[Your goal] Below are entries with pictures in them. Output exactly the lines starting at the line with "Tom Ford Silk" and ending at the line with "AOOWU Plumping Lip", both included, but not the pictures.

*** Opening of Entries supplied ***

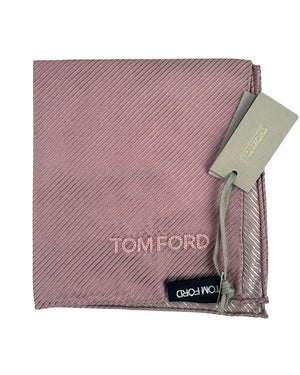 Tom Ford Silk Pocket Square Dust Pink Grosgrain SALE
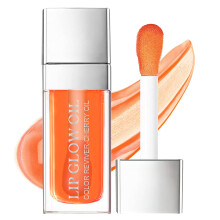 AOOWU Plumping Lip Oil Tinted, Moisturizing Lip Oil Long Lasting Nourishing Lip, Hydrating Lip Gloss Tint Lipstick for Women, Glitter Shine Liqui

*** Close of Entries supplied ***
*** Opening of Entries supplied ***

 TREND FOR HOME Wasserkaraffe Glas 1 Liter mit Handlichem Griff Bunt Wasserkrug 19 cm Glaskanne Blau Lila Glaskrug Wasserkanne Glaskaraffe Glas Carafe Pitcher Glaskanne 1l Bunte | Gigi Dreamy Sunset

*** Close of Entries supplied ***

[Task answer]
 Tom Ford Silk Pocket Square Dust Pink Grosgrain SALE
 AOOWU Plumping Lip Oil Tinted, Moisturizing Lip Oil Long Lasting Nourishing Lip, Hydrating Lip Gloss Tint Lipstick for Women, Glitter Shine Liqui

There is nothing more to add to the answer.